Completed in 2010 by the seller Fairfield Grossmont Trolley LLC in partnership with the Metropolitan Transit Authority, the LEED Gold certified community features one- and two-bedroom units situated in six, four-story buildings on a high-density eight-acre site.   Of the 527 units, 15% are dedicated for rent to moderate and very low housing wage earners. 

 

TruAmerica and Intercontinental will undertake a capital improvement program that will consist of a modest refresh of the nearly 10-year-old interiors as units turn, and will upgrade the common area amenities that include Alterra & Pravada’s two clubhouses, two pools and pool decks.  The exterior renovation program also will include new landscaping and paint to improve the overall curb appeal of the community.  

 

“Upon the execution of our business plan, residents will benefit from an upgraded living experience, complementing Alterra & Pravada’s greatest amenities which are its location, walkability and commutability, setting it far apart from other properties in the competitive set,” said Jessica Levin, Senior Director, Acquisitions for Intercontinental Real Estate Corporation.  “We believe that this compelling combination will make this asset an excellent long-term investment for our investors.”

 

The largest of 23 transit-oriented developments (TOD) in San Diego County, the poperty is located immediately adjacent to the Grossmont Transit Center at 8727 Fletcher Parkway in La Mesa, 11 miles east of downtown San Diego. Served by the Orange and Green Lines of the San Diego Trolley and Metropolitan Transit Center bus lines, The Grossmont Traffic Center is a key trolley system transfer point providing direct routes to the region’s major entertainment and employments hubs including El Cajon, Mission Valley and Downtown San Diego.

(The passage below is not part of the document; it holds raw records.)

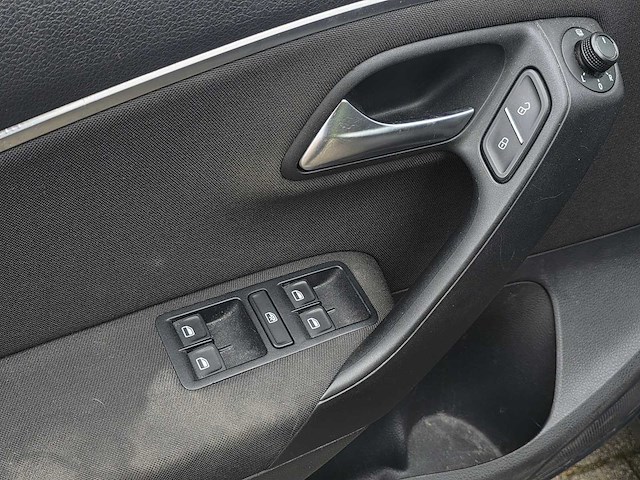 Volkswagen - 2014 - polo - 1.4 tdi first ed. - kf-297-d - afbeelding 14 van  14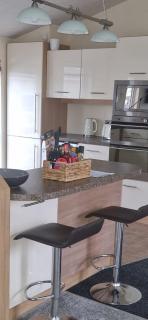 Coastal Retreat Lodge - 3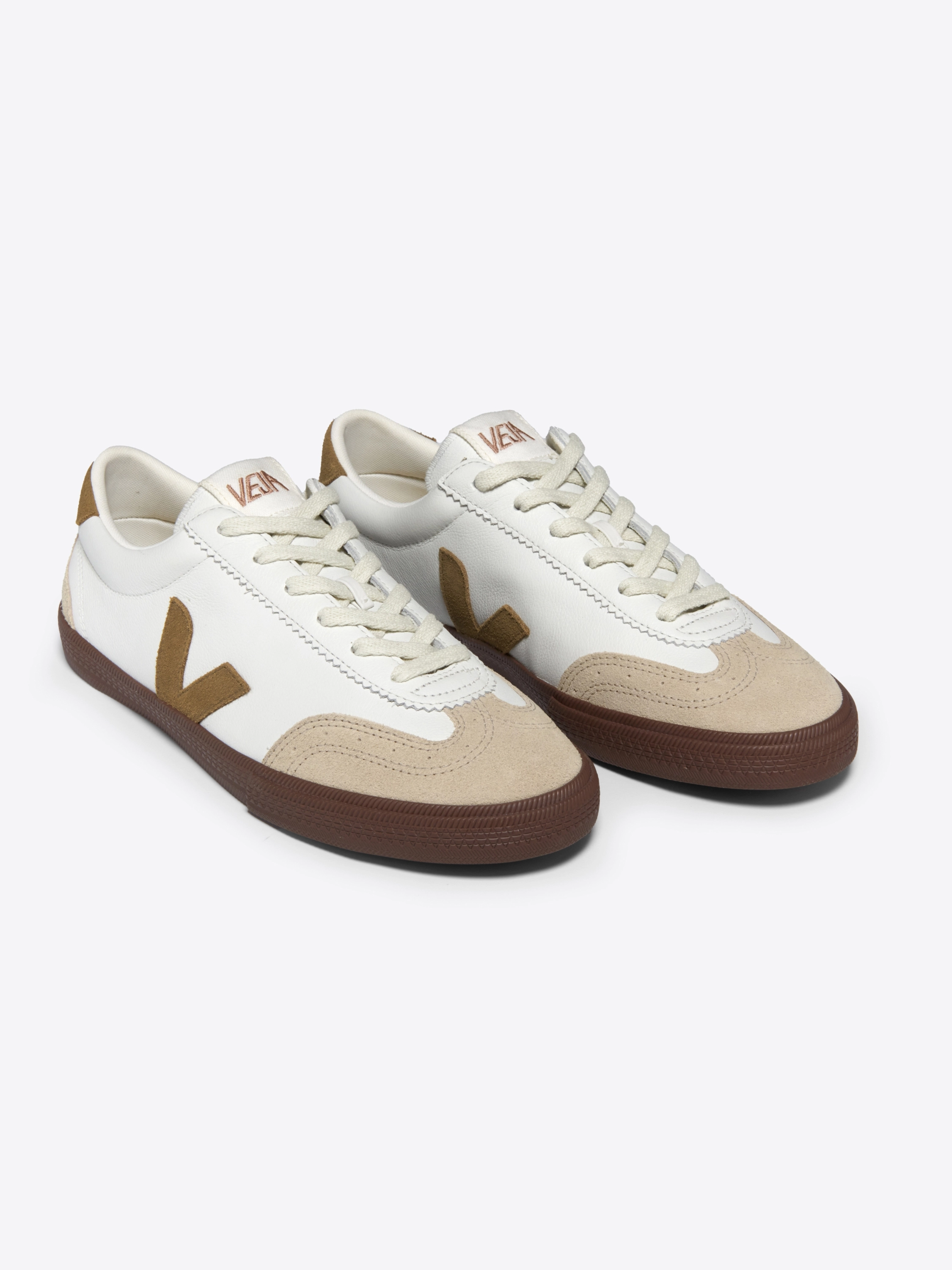 Veja Volley O.T. Leather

Much of the success of Alterra & Pravada as a TOD is reflected in the average weekday boarding count of more than 2,600 riders at Grossmont Trolley station making it one of the heaviest used stops in San Diego County. 

 

Alterra & Pravada is also within walking distance to The Grossmont Shopping Center with more than a million square feet of retail shops and restaurants, as well Sharp Grossmont Hospital, La Mesa’s largest employer. 

 

In 2012, The League of California Cities recognized Alterra & Pravada for combining many of the current smart growth points, utilizing existing infrastructure, promoting transit and providing measures for sustainability with close proximately to jobs and entertainment.

 

With the acquisition of Alterra & Pravada, TruAmerica Multifamily’s San Diego portfolio totals more than 1,600 units with assets in Oceanside, Vista, Escondido and El Cajon.     

 

This is the seventh joint venture for TruAmerica and Intercontinental, which together own more than 2,200 units in California and Washington.  

 

Kevin Mulhern, Rachel Parson, Stewart Weston and John Montakab  of CBRE’s San Diego Multifamily Investment Group represented TruAmerica and Intercontinental and the seller, Fairfield Grossmont Trolley LLC in the transaction.

 

The acquisition was leveraged with 10-year financing through Fannie Mae’s preferred borrower program, Borrower Channel, arranged by CBRE’s Capital Markets group led by Vice Chairman Troy Tegeler in the firm’s Orange County, CA office.